Prompt -
Each record should appear again in the response exactly as it does in the original.

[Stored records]

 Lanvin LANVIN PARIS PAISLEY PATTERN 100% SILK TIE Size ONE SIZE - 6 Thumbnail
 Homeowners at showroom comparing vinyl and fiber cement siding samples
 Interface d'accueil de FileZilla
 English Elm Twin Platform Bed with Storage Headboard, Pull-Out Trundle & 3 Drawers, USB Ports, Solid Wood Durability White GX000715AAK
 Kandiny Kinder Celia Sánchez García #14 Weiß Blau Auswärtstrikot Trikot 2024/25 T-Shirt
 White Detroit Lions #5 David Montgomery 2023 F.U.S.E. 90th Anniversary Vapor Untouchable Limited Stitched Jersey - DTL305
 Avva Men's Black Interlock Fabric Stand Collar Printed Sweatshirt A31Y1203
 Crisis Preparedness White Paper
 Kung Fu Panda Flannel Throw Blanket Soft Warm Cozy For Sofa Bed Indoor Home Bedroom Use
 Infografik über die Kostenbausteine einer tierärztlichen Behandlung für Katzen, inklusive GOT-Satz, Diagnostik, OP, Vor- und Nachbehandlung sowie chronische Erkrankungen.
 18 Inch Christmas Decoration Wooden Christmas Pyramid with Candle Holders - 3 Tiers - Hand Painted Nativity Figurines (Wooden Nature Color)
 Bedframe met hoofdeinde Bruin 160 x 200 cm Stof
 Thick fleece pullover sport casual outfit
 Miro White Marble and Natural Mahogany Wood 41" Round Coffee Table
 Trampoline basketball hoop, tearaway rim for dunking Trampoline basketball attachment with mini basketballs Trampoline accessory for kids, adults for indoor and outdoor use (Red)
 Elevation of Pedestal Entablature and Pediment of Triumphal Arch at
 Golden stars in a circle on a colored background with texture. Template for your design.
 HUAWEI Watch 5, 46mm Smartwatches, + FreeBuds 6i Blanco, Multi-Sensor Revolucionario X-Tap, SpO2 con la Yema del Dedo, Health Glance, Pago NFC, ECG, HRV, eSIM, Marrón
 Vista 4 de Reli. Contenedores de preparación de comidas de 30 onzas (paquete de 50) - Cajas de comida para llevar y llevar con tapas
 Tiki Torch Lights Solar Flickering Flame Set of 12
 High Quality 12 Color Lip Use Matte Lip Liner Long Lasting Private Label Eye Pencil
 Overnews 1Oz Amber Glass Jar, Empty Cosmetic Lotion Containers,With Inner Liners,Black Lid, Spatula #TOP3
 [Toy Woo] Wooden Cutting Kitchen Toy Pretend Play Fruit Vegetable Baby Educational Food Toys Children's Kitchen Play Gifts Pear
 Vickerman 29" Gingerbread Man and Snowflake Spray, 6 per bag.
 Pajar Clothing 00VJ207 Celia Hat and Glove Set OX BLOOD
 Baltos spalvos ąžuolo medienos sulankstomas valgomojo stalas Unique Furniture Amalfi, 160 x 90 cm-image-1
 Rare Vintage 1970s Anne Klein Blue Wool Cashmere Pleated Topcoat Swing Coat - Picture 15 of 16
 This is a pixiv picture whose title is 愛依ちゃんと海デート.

Task solution -
 Lanvin LANVIN PARIS PAISLEY PATTERN 100% SILK TIE Size ONE SIZE - 6 Thumbnail
 Homeowners at showroom comparing vinyl and fiber cement siding samples
 Interface d'accueil de FileZilla
 English Elm Twin Platform Bed with Storage Headboard, Pull-Out Trundle & 3 Drawers, USB Ports, Solid Wood Durability White GX000715AAK
 Kandiny Kinder Celia Sánchez García #14 Weiß Blau Auswärtstrikot Trikot 2024/25 T-Shirt
 White Detroit Lions #5 David Montgomery 2023 F.U.S.E. 90th Anniversary Vapor Untouchable Limited Stitched Jersey - DTL305
 Avva Men's Black Interlock Fabric Stand Collar Printed Sweatshirt A31Y1203
 Crisis Preparedness White Paper
 Kung Fu Panda Flannel Throw Blanket Soft Warm Cozy For Sofa Bed Indoor Home Bedroom Use
 Infografik über die Kostenbausteine einer tierärztlichen Behandlung für Katzen, inklusive GOT-Satz, Diagnostik, OP, Vor- und Nachbehandlung sowie chronische Erkrankungen.
 18 Inch Christmas Decoration Wooden Christmas Pyramid with Candle Holders - 3 Tiers - Hand Painted Nativity Figurines (Wooden Nature Color)
 Bedframe met hoofdeinde Bruin 160 x 200 cm Stof
 Thick fleece pullover sport casual outfit
 Miro White Marble and Natural Mahogany Wood 41" Round Coffee Table
 Trampoline basketball hoop, tearaway rim for dunking Trampoline basketball attachment with mini basketballs Trampoline accessory for kids, adults for indoor and outdoor use (Red)
 Elevation of Pedestal Entablature and Pediment of Triumphal Arch at
 Golden stars in a circle on a colored background with texture. Template for your design.
 HUAWEI Watch 5, 46mm Smartwatches, + FreeBuds 6i Blanco, Multi-Sensor Revolucionario X-Tap, SpO2 con la Yema del Dedo, Health Glance, Pago NFC, ECG, HRV, eSIM, Marrón
 Vista 4 de Reli. Contenedores de preparación de comidas de 30 onzas (paquete de 50) - Cajas de comida para llevar y llevar con tapas
 Tiki Torch Lights Solar Flickering Flame Set of 12
 High Quality 12 Color Lip Use Matte Lip Liner Long Lasting Private Label Eye Pencil
 Overnews 1Oz Amber Glass Jar, Empty Cosmetic Lotion Containers,With Inner Liners,Black Lid, Spatula #TOP3
 [Toy Woo] Wooden Cutting Kitchen Toy Pretend Play Fruit Vegetable Baby Educational Food Toys Children's Kitchen Play Gifts Pear
 Vickerman 29" Gingerbread Man and Snowflake Spray, 6 per bag.
 Pajar Clothing 00VJ207 Celia Hat and Glove Set OX BLOOD
 Baltos spalvos ąžuolo medienos sulankstomas valgomojo stalas Unique Furniture Amalfi, 160 x 90 cm-image-1
 Rare Vintage 1970s Anne Klein Blue Wool Cashmere Pleated Topcoat Swing Coat - Picture 15 of 16
 This is a pixiv picture whose title is 愛依ちゃんと海デート.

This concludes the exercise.